NEW YORK SUPREME COURT, APPELLATE DIVISION, FIRST DEPARTMENT


March 24, 2009

MOYSES GARCES, PLAINTIFF-APPELLANT,
v.
THE CITY OF NEW YORK, ET AL., DEFENDANTS-RESPONDENTS.

Order, Supreme Court, Bronx County (Paul A. Victor, J.), entered January 10, 2008, which, in an action against the City and two police officers for, inter alia, false arrest and imprisonment, malicious prosecution, assault and battery and violation of civil rights, granted defendants' motion to change venue from Bronx County to Queens County, unanimously affirmed, without costs.

Published by New York State Law Reporting Bureau pursuant to Judiciary Law § 431.

This opinion is uncorrected and subject to revision before publication in the Official Reports.

Saxe, J.P., Friedman, Sweeny, Renwick, Freedman, JJ.

6183/07

The action was properly transferred to Queens County where plaintiff was arrested, initially incarcerated and prosecuted.

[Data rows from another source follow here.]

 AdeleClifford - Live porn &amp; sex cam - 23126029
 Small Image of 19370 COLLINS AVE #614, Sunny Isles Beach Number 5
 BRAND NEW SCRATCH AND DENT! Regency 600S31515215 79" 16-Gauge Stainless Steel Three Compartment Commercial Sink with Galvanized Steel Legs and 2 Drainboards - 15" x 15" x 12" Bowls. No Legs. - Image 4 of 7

CPLR 504(3), which provides that the place of trial in an action against the City shall be in the county within the City where the cause of action arose, "should be complied with absent compelling countervailing circumstances" (Rose v Grow-Perini, 271 AD2d 210, 210 [2000]). We also reject plaintiff's contention that Bronx County is a proper venue by reason of his one-day detention at its Rikers Island facility. Alternatively, transfer was proper as a matter of discretion pursuant to CPLR 510.

THIS CONSTITUTES THE DECISION AND ORDER OF THE SUPREME COURT, APPELLATE DIVISION, FIRST DEPARTMENT.